* **Work instructions**
Beginning at the line containing "Budget Kamer Alleen" in the material below and ending at the line containing "Used Volvo XC60", return each line exactly and add nothing.

== Exercise data

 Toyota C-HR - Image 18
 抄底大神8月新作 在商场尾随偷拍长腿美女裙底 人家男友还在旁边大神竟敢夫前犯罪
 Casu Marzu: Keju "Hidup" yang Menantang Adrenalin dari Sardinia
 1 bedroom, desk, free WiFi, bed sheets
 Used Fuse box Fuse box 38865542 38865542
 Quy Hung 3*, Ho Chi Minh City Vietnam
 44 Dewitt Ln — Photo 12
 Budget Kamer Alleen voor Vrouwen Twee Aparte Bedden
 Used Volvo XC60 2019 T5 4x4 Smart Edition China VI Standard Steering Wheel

====
== Exercise data

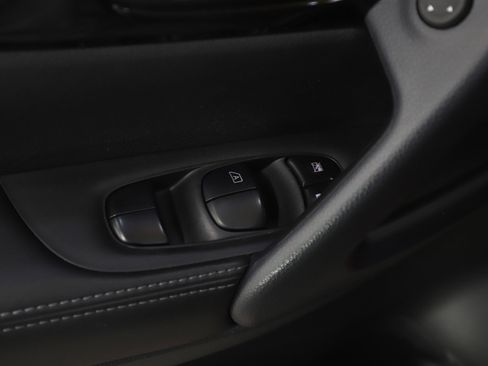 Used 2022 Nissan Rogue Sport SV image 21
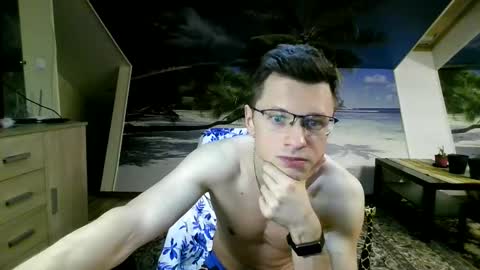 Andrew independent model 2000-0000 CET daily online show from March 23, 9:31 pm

====

* **Exercise output**
 Budget Kamer Alleen voor Vrouwen Twee Aparte Bedden
 Used Volvo XC60 2019 T5 4x4 Smart Edition China VI Standard Steering Wheel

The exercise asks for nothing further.